Exercise inputs section start

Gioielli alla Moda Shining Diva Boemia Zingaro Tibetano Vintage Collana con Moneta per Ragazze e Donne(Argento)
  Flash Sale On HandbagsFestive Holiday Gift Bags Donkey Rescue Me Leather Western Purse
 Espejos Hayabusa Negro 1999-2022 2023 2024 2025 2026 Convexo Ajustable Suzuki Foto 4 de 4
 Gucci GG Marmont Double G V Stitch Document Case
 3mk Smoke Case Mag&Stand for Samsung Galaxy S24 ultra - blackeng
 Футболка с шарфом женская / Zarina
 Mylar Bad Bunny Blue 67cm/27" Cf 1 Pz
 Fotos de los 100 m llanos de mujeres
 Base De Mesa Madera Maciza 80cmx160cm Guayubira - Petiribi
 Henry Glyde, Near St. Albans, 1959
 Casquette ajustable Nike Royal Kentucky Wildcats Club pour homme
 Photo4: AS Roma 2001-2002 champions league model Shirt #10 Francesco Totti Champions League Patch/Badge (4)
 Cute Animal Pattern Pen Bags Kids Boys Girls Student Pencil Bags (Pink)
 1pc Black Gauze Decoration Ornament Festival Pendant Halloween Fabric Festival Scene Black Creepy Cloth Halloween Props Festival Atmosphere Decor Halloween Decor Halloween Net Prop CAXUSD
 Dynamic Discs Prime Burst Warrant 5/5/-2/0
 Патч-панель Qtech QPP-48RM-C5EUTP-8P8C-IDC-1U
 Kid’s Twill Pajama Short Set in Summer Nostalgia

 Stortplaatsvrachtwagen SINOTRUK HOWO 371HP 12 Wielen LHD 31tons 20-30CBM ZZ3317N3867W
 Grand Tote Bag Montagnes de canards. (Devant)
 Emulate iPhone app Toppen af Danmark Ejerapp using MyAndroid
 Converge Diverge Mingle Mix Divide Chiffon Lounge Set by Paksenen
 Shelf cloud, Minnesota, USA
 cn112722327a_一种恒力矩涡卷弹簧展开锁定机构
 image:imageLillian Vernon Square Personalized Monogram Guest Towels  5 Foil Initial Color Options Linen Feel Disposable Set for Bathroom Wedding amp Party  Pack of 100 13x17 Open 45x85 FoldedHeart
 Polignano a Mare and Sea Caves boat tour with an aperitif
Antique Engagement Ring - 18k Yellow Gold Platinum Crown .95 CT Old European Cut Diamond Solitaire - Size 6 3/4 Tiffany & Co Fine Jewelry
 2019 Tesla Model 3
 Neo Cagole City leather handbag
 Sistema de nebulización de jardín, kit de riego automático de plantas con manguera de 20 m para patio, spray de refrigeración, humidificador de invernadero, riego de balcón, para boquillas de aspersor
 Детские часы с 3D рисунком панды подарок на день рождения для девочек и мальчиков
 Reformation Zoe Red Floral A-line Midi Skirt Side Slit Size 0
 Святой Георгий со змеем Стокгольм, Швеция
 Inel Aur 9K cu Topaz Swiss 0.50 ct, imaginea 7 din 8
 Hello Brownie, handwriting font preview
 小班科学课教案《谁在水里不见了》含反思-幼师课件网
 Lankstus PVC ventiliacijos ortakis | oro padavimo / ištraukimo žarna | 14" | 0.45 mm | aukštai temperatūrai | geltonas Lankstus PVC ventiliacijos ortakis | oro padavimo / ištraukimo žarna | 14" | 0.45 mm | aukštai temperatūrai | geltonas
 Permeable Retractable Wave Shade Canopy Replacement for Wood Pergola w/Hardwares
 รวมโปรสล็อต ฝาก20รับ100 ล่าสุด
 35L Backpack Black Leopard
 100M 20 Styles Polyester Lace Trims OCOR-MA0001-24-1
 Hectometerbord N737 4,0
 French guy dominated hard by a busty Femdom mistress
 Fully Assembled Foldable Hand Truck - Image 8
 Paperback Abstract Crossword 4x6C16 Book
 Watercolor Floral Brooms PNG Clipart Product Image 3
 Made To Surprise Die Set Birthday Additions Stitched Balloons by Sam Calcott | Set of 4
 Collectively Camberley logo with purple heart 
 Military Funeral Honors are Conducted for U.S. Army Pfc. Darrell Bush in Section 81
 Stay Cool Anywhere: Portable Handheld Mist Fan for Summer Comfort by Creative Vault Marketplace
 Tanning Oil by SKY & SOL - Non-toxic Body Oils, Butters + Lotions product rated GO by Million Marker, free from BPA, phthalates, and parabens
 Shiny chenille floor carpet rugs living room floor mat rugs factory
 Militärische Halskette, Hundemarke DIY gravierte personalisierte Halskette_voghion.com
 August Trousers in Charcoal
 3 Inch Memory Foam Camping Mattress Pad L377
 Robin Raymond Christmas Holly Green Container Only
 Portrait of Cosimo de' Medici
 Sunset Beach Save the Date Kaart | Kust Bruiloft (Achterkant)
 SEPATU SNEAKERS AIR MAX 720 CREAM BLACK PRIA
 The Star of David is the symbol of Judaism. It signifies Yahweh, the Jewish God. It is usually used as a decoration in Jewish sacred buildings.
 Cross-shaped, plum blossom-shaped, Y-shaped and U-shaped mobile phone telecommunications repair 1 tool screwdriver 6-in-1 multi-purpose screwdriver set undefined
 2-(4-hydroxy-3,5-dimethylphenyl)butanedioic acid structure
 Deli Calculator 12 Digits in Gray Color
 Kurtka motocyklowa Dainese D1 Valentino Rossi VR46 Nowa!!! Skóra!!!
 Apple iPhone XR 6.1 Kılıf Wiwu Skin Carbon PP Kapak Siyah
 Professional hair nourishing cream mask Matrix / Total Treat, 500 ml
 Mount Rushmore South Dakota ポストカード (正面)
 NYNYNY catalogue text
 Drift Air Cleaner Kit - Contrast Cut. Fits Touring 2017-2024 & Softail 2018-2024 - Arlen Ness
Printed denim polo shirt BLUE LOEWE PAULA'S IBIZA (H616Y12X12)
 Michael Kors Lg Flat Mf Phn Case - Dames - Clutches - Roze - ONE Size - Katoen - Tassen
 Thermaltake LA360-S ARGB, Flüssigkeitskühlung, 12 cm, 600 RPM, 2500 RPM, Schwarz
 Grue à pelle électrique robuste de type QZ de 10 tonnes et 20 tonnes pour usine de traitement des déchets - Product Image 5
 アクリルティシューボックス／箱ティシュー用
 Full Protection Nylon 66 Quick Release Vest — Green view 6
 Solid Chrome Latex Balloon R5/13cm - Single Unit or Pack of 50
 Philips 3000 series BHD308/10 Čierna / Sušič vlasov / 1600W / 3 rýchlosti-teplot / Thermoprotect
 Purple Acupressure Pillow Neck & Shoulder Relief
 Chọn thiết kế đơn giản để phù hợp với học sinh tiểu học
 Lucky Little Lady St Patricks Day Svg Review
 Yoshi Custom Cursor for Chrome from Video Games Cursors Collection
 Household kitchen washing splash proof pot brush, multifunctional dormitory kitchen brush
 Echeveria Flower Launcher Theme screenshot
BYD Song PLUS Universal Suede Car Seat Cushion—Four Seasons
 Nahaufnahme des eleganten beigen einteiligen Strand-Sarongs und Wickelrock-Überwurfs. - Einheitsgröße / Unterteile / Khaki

Exercise inputs section end

What the exercise asks –
Give back, word for word, only the lines above from the line holding "Portrait of Cosimo de' Medici" to the line holding "The Star of", both included.

Finished exercise –
 Portrait of Cosimo de' Medici
 Sunset Beach Save the Date Kaart | Kust Bruiloft (Achterkant)
 SEPATU SNEAKERS AIR MAX 720 CREAM BLACK PRIA
 The Star of David is the symbol of Judaism. It signifies Yahweh, the Jewish God. It is usually used as a decoration in Jewish sacred buildings.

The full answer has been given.